Date Thesis Awarded

5-2022

Access Type

Honors Thesis -- Open Access

Degree Name

Bachelors of Arts (BA)

Department

Government

Advisor

John J. McGlennon

Committee Members

Mackenzie Israel-Trummel

Vivian Hamilton

Abstract

Law and policy are deeply intertwined. States themselves are the main venues to deliberate and implement policies that alter the status quo of juvenile transfer. The policymaking process in some states can increase our ability to understand and predict how others will similarly react. This learning model has been the foundation for juvenile justice reform where lessons are drawn from past successes or failures to keep more youths from incarceration. Legislative and judicial capacity to influence criminal justice reforms are complementary, and there is an ongoing debate on the designated function of the judiciary, whether it should be more active or reserved in front of the high-stakes cases presented to them. My thesis, at least within the context it examines, argues that judicial activism is needed in juvenile transfer reform.

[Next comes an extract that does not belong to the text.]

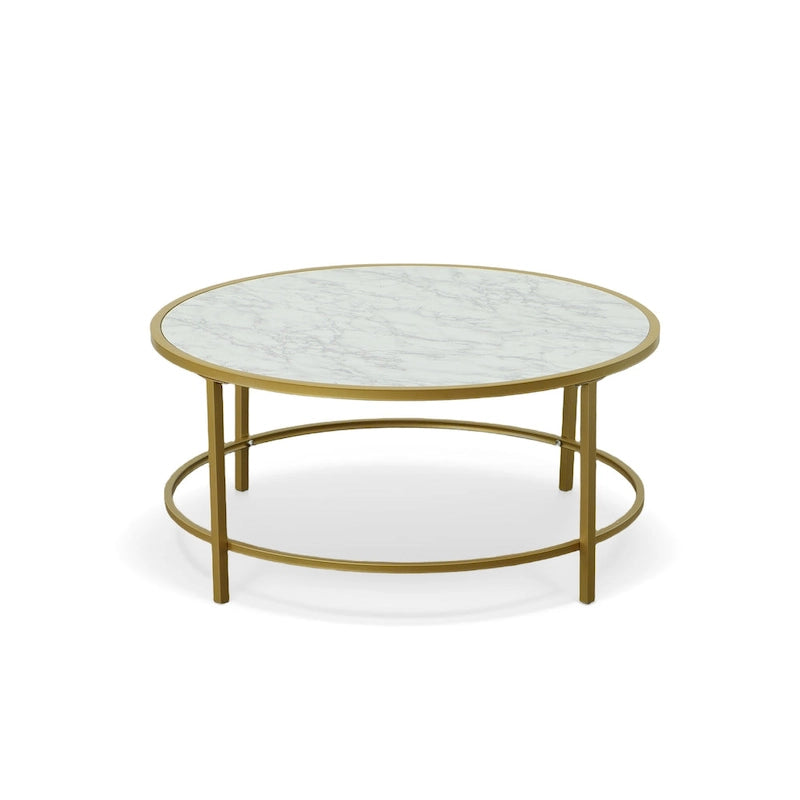 Tavolino da caffè rotondo 36" con ripiano in finto marmo e base verniciata a polvere color oro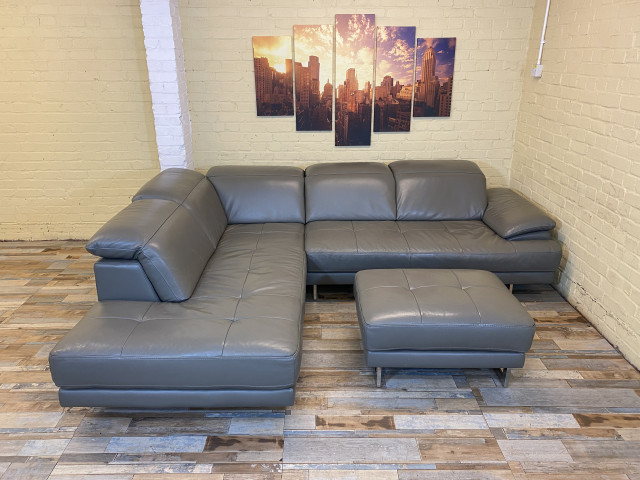 Cool Grey Large Family Leather Corner Sofa (ME)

Today, all states allow juveniles to be tried as adults for committing certain serious crimes, such as murder, armed robbery, drug trafficking, and so forth. Juveniles can be transferred to criminal court via three pathways: judicial waiver, prosecutorial direct file, and statutory exclusion. By their literal meanings, a judge, a prosecutor, or the state legislature can make decisions about whom could be waived from juvenile court proceedings. The focus of my research is on the last two pathways because they do not require a hearing to determine a youth's eligibility to be tried as an adult. The U.S. Supreme Court in Kent v. United States ruled that every youth falling within the original juvenile court jurisdiction must be afforded a formal discretionary waiver hearing with a counsel present before the youth could be waived to adult court for criminal prosecution. My research explains why eighteen states have overhauled their juvenile transfer systems, but a few others have not seen the fruition of reform efforts. I focus on two types of legislative initiatives: one is Raise the Age (raising the upper age boundary of the juvenile court); the other is limiting the criminal prosecution of certain offenses. I test the theories explaining principal determinants in shaping criminal laws and correctional policies, using the context of juvenile transfer.